Our Blogs

Data Fundamentals Part-1: Data lake

Simply Data lake is central place to store all kind & huge in amount of data from various sources.

Re-platforming and other drivers for data lake architecture evolution take various forms.

Data lakes started on Hadoop but are migrating elsewhere:

In fact, the earliest data lakes were almost exclusively on Hadoop. The current wave of dissatisfaction with Hadoop is driving a number of lake migrations off of Hadoop. For example, after living with their lakes for a year or more, many users discover that key use cases demand more and better relational functionality than can be retrofitted onto Hadoop. In a related trend, many organizations proved the value of data lakes on premises and are now migrating to cloud data platforms for their relational functionality, elasticity, minimal administration, and cost control.

A modern data lake must serve a wider range of users and their needs:

The first users of data lakes were mostly data scientists and data analysts who program algorithm-based analytics for data mining, statistics, clustering, and machine learning. As lakes have become more multitenant (serving more user types and use cases), set-based analytics (reporting at scale, broad data exploration, self-service queries, and data prep) has arisen as a requirement for the lake -- and that requires a relational database.

Cloud has recently become the preferred platform for data-driven applications:

Cloud is no longer just for operational applications. Many TDWI clients first proved the value of cloud as a general computing platform by adopting or upgrading to cloud-based applications deployed in the software-as-a-service (SaaS) model. Data warehousing, data lakes, reporting, and analytics are now aggressively adopting or migrating to cloud tools and data platforms. This is a normal maturity life cycle -- many new technologies are first adopted for operational applications, then for data-driven, analytics applications.

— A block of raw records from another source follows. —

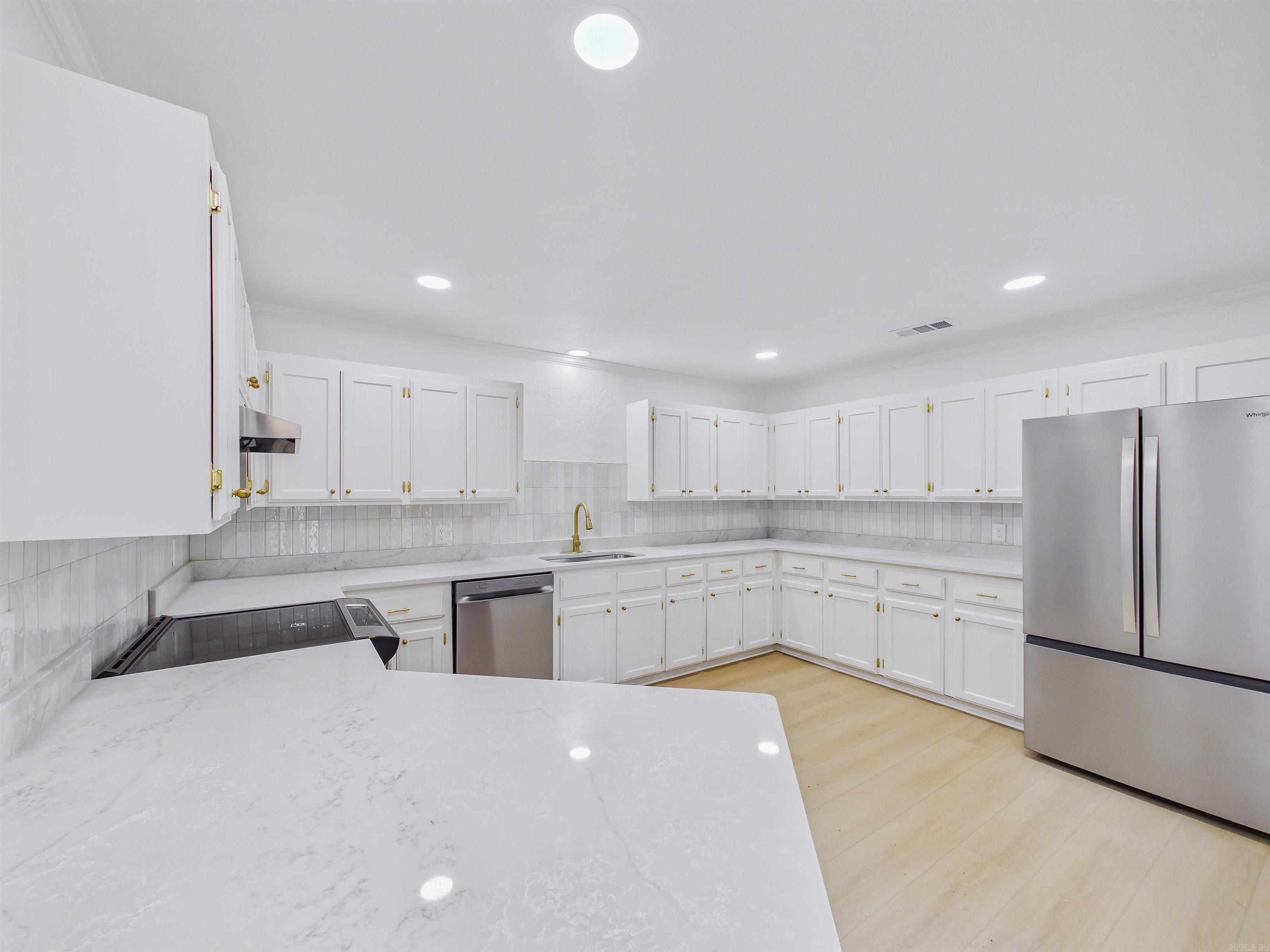 WHITNEY WOODS - Residential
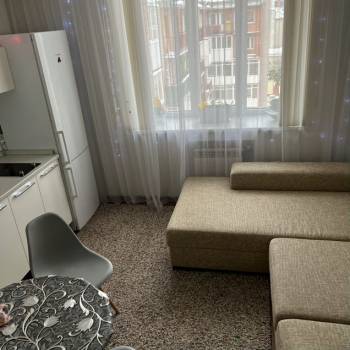 Продается 1-комнатная квартира, 42,8 м²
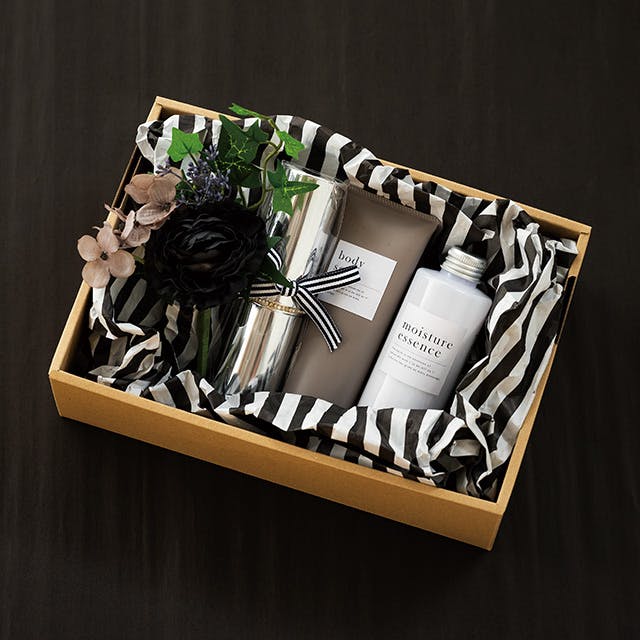 ALBOVEミルキーウェイ ペイズリー柄クロスショルダーブラ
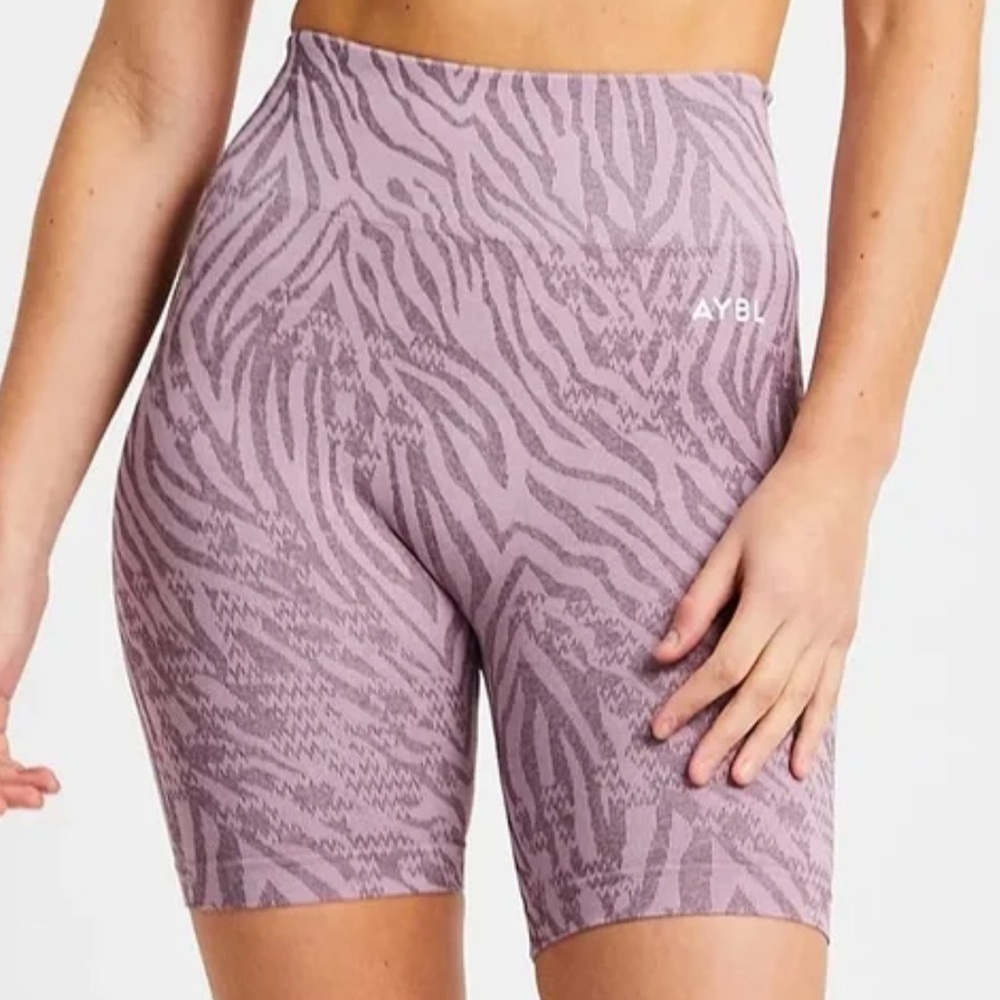 AYBL Evolve Animal Seamless Shorts🤍💅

New cloud data platforms are now fully proven:

The early adoption phase is over, spurring a rush of migrations to them for all kinds of data sets. As mentioned earlier, cloud data warehouses and other data platforms have the relational functionality that users need. In addition, they support the push-down execution of custom programming in Java, R, and Python. Early adopters have corroborated that the platforms perform and scale elastically, as advertised, while maintaining high availability and tight security. This gives more organizations the confidence they need to make their own commitments to cloud data platforms.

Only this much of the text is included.